Between Swimming And Archery, This Camp Helps Kids Overcome The Stigma Of HIV/AIDS
Brad Higgins has been groundskeeper at Jameson Camp for 20 years. Back when he started, the subject of HIV and AIDS was so loaded with stigma that lots of people wouldn't talk about the disease, sometimes even within families.
Every summer the camp hosts one special sleep-away week for kids affected by HIV or AIDS. Each of those years, he would watch campers and their parents have tough conversations in the car before getting dropped off at the camp in Indianapolis.
That's because the camp has always had this rule: Campers need to know why they're here. And once children learned, they needed a stigma-free place to process it.
Some campers here are living with HIV/AIDS themselves. Others have parents living with it, or perhaps family members who have died from the illness and maybe "the rest of the family didn't know that," says Higgins.
Today, the stigma around HIV/AIDS may not be as profound, but it's still there.
So the camp has activities to help kids process their emotions. During arts and crafts, campers glue foam to paper, planning a chapter of their lives.
Chandra, 14, has come to the camp for three summers since her older cousin passed away from the disease. Her foam craft is a peace sign because, as she puts it, "I think everybody should spread peace and love."
Seventy or so campers, ages 7 to 17, come here from across the country to do archery, outdoor adventures in the creek, hide-and-seek, swimming, but it usually all comes back to talking about stigma. "Talking about how we approach people who have a disorder, or a disease, or anything else that's different," says Tim Nowak, Jameson Camp's program director.
"Quietly, for some people, it tears apart a family. Or, it tears apart emotional and mental health for people."
Nowak has worked here for more than a decade. He says since kids want to be at camp, you can tackle heavy topics in a new way.
Like, inside one wooden building where campers design an anti-bullying TV ad. Chase, 10, is one of them.
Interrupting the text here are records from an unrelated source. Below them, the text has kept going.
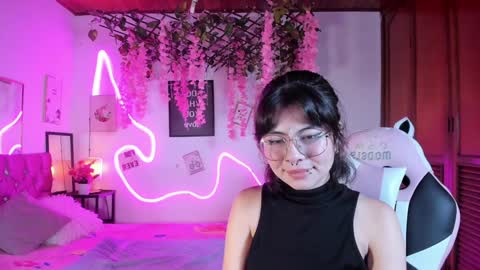 Snapshot of mylittlebunny__ chatting on December 2024 02:22:02 AM helen online show from December 2024 02:22:02 AM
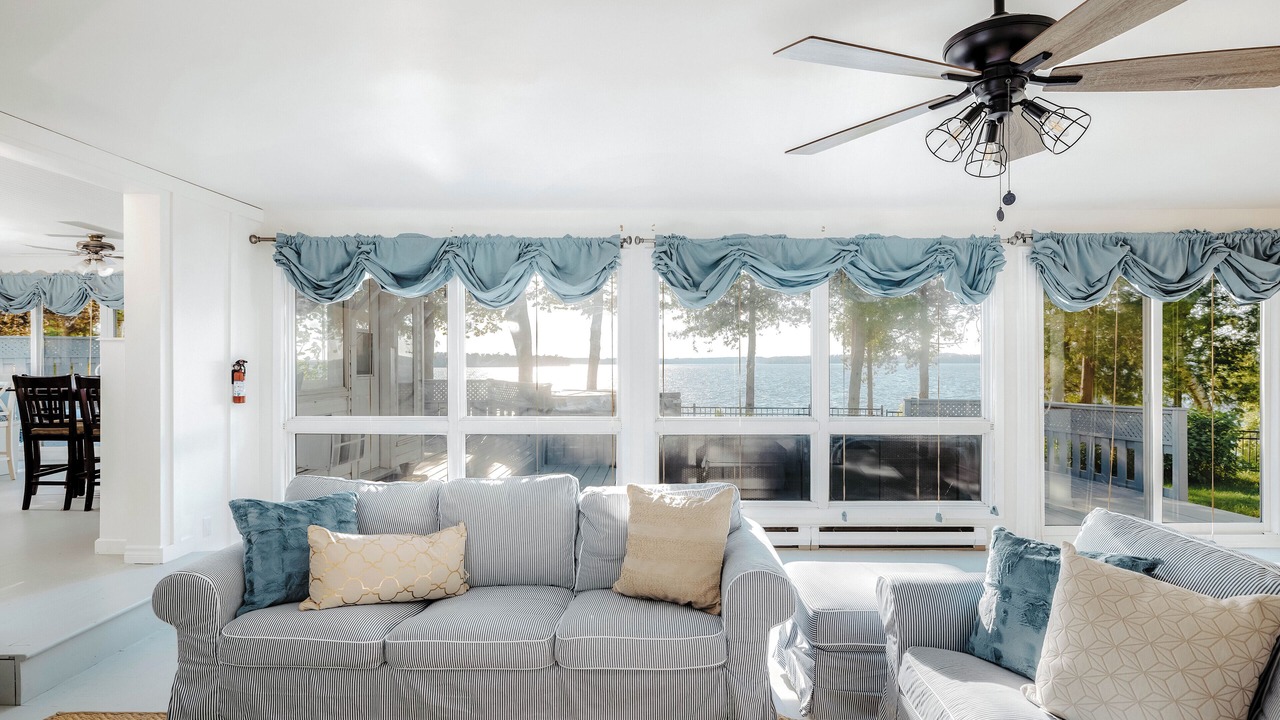 Photo of Livingroom in Roseneath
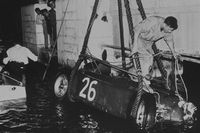 GP de M&oacute;naco 1955 de F1: una ca&iacute;da al agua premonitoria, y el estreno del 44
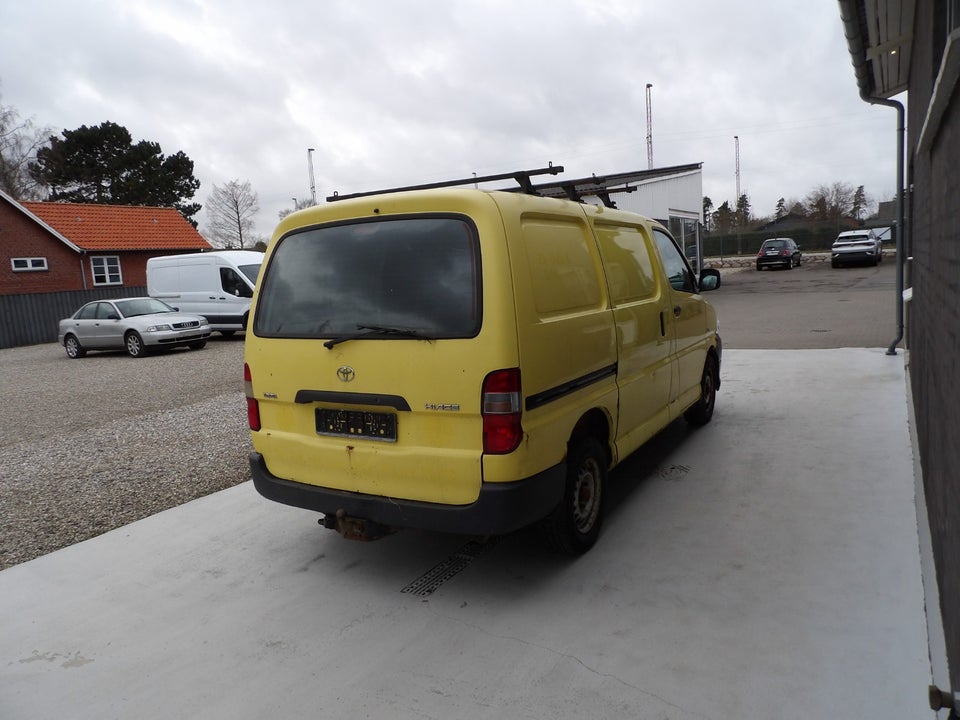 Toyota HiAce 2,5 D-4D 95 kort 4d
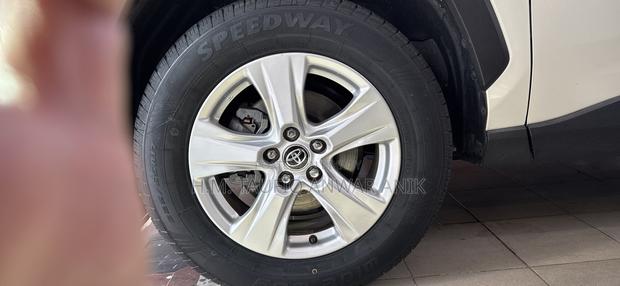 Toyota RAV4 XLE Premium AWD 2020 White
"People bully people with diseases like down syndrome and HIV, and all that type of stuff, even though they don't know what the meaning is," says Chase, who came to camp from Kentucky.
He adds that people should be given a second chance, even if they're different. His grandma has HIV. And, he says, he first learned that because of this camp. "We have to know to come to this camp because we talk about it."
To Chase, the camp is an opportunity for friends to have something in common and talk about it.